Now that I have the angles I need, I have to figure out how to tell the servos to go to those positions. When I ordered the servos, I got an 8-port servo controller that communicates over serial. It takes a number between 0 and 254 (255 is reserved for the control bit, so can't use that) and sends the correct pulse width signal to get the servo in the right position. More on that limitation later. The resulting control software can be seen here.
To test out the system, I decided I'd tell it to draw a square and see how it looked. This was the result:
Clearly, it needs some tuning. I thought about it for a while, and decided that the length of the sides was probably mostly dependent on having the correct arm length, so I set about tweaking the arm lengths until the sides were the right length.
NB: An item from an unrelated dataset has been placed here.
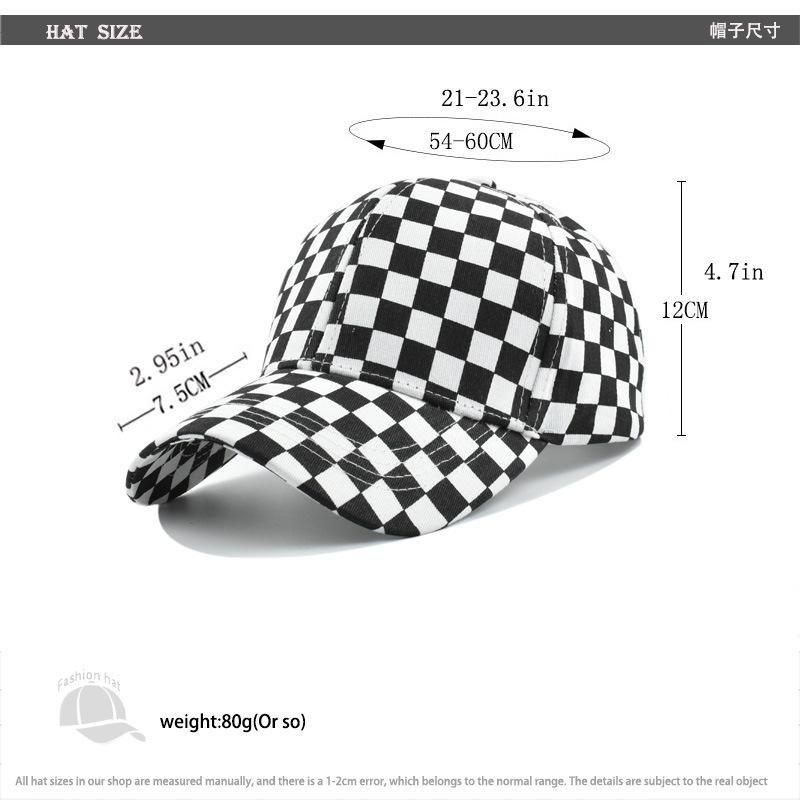 Casquette de Baseball à Carreaux Hommes Femmes Extérieur Voyage Protection Solaire Mode Ins Décontracté Chapeau Réglable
That solved the size problem, but I was left with a parallelogram. I tried a few things to fix this and almost gave up when it came to me: the angle is offset. I added an offset to the elbow axis and voila, a passable square.
It's not perfect, but I decided it would do. It wasn't the right size, but I kept the same arm ratio and changed the arm sizes until it was correct.
Now that it was dialed in, I decided to have it draw something and see how it looked.
Here's the sine wave it drew. The line running across the middle is the x-axis. Clearly quite jagged. Here's where the discussion of servo and controller choice comes in. The servos I got rotate 3.5 turns, and with the 4:1 ratio, that gives 315 degrees of rotation. The controller has a resolution of 255, so this gives a minimum angle change of 1.2 degrees. That might not sound like much, but here's what wolfram alpha says about it:
So you can see that at eight inches, 1.5 degrees gives a travel distance of 5mm, or roughly a quarter inch. So what I need to do is get a servo with a smaller travel distance. It will reduce the draw area, but I don't ever see a need to draw in a huge 300 degree range. If anything 180 degrees at the elbow, and 45 at the shoulder should be sufficient.
Also, to reduce the jitter, I would like to get an arduino and control the servos that way. The controller I have doesn't like to always move both servos at once and you can't control the speed from it.
The servos I got were also expensive for hobby servos at $40 vs around $15 for lower end ones. The gearboxes were $50 each, and you could build your own, but I do like these, they have dual bearings and zero play so that really helps support the weight of the arm. The whole thing cost about $260, so it's considerably cheaper than a cartesian like reprap (though not nearly as accurate, and I still need an extruder which is $150 over at makerbot, but that's still less than half the price.)